The MTA, which is controlled by Governor Andrew Cuomo, shut down late-night service last spring to conduct pandemic-related deep cleaning.

The survey results were broadly consistent across race/ethnicity and income, with Hispanic and Latino respondents most likely to say they agree with the move, while Black and African American respondents were somewhat less likely to support it.

Data for Progress polled 591 likely Democratic primary voters for the survey; the results have a margin of error of +/- 4%. The full breakdown of responses can be seen here.

The MTA initially closed the trains to customers from 1:00am to 5:00am, before shifting to a 2:00am to 4:00am closure in February of this year.

Guidance from the Centers for Disease Control has suggested that, because COVID-19 spreads mainly through inhaled droplets, there may be limited benefit to the agency’s deep-cleaning regimen, which involves scrubbing and disinfecting surfaces. But other experts have argued the MTA should continue the practice until the pandemic is more firmly under control.

The program costs the agency about $300 million a year, and employs thousands of largely immigrant contract workers who have recently raised concerns about their safety, salaries and working conditions.

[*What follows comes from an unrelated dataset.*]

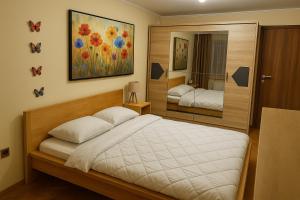 Lovely 2 bedrooms flat Cornelia- CENTRAL Corabia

The MTA has said full overnight service will return as the city and state reopen, though it has not yet offered a specific timeline.

“We look forward to reviewing this polling data,” agency spokesperson Shams Tarek told Bklyner via email. “In the meantime we’re serving riders 22 hours per day and look forward to serving them for the remaining two hours when we complete our phased reopening which began in February.”

Transit advocates, meanwhile, say they’ll continue to push the agency, and the governor, on the issue.

“New Yorkers resoundingly want 24/7 subway service back now,” Danny Pearlstein, Policy & Communications Director for the organization Riders Alliance, said in a statement reacting to the poll. “Our city cannot reopen and recover without it. Gov. Cuomo must let us ride ’round the clock, find homeless riders decent places to live, and stop exploiting immigrant workers for hygiene theater.”

[4/8/21 – This story has been updated to include comment from the MTA, and to link to the Data for Progress survey source data.]